TASK BRIEF:
Across the records, find how many lines include the string "Plant" and answer with only the figure.

INFORMATION PROVIDED:

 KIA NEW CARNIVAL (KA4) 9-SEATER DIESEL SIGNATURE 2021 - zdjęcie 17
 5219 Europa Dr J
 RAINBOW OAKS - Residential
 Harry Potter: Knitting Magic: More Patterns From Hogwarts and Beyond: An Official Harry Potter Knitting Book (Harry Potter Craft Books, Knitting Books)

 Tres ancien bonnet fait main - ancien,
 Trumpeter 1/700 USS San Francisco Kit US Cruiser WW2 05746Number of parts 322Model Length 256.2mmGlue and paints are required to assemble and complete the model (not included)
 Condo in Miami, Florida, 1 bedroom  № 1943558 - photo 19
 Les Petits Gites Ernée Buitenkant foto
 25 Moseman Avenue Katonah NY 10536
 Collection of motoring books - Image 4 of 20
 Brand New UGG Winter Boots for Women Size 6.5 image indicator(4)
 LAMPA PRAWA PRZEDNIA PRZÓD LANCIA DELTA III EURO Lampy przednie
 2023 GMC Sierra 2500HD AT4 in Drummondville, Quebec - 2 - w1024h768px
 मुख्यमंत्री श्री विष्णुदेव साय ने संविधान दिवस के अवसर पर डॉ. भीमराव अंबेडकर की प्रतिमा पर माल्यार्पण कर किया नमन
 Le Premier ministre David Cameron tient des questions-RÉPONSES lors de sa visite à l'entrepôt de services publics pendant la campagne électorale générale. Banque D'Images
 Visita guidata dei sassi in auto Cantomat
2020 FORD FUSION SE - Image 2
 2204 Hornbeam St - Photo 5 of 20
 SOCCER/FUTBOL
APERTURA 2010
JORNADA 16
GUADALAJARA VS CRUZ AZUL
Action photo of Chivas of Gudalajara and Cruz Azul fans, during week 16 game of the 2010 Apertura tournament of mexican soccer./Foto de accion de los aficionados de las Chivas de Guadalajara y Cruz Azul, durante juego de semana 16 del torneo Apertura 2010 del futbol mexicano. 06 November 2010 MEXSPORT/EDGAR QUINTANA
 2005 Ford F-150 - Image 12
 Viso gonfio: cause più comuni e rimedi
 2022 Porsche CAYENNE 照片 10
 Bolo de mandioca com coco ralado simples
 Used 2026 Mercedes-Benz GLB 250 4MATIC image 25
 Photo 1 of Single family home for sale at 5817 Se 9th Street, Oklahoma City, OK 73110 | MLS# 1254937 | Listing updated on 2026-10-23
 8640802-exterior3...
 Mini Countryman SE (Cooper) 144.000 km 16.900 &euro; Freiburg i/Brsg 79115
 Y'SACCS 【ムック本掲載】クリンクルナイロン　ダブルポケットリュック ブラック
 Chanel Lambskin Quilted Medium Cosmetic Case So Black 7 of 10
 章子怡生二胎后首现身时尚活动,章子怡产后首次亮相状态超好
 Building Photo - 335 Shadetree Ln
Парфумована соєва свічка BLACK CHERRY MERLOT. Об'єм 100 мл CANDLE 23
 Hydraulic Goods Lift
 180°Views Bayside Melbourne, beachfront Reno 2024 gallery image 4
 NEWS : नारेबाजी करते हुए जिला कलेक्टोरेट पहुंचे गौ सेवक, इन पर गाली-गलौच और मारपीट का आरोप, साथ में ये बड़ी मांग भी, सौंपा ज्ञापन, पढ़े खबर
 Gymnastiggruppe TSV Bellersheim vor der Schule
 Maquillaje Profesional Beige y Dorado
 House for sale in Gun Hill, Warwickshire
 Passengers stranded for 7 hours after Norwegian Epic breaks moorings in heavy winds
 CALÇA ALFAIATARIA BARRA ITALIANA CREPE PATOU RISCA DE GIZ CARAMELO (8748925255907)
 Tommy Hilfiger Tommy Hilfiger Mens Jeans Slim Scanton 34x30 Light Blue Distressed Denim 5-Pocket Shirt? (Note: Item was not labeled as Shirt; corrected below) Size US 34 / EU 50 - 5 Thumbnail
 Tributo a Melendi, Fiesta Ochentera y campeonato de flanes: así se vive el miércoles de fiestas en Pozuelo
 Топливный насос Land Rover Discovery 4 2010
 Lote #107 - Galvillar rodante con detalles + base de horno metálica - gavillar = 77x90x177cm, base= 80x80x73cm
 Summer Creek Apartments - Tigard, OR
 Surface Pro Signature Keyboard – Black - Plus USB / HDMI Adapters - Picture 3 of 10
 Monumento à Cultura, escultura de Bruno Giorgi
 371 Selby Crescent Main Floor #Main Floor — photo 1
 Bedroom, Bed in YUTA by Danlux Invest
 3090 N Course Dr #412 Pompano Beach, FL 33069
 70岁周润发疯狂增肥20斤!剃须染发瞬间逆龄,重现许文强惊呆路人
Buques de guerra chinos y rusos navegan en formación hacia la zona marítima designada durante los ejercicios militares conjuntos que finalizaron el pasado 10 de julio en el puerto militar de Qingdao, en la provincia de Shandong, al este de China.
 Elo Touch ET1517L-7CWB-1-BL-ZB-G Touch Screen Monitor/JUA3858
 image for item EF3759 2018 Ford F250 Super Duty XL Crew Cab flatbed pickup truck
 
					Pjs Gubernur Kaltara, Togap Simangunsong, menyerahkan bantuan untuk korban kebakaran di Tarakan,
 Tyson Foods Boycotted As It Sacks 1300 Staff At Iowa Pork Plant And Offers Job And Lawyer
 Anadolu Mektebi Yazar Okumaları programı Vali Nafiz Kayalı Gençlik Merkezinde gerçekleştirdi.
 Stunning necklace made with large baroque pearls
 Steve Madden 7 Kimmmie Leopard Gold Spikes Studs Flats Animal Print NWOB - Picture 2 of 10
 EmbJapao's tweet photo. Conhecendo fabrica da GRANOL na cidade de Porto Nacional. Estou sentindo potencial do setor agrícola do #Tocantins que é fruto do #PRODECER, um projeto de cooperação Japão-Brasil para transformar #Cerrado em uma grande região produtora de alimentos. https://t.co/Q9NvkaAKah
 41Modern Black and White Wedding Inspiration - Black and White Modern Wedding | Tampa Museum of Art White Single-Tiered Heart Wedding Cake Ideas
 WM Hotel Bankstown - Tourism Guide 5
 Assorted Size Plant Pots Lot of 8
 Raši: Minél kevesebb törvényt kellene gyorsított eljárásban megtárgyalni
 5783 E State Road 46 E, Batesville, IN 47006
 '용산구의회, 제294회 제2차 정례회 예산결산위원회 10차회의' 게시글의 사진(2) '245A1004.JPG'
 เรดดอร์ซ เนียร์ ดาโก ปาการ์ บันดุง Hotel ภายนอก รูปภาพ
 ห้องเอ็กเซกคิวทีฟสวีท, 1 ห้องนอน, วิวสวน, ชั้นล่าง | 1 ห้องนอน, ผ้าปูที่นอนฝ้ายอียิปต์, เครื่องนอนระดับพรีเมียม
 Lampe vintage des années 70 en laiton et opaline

SOLUTION TO THE PROBLEM:
2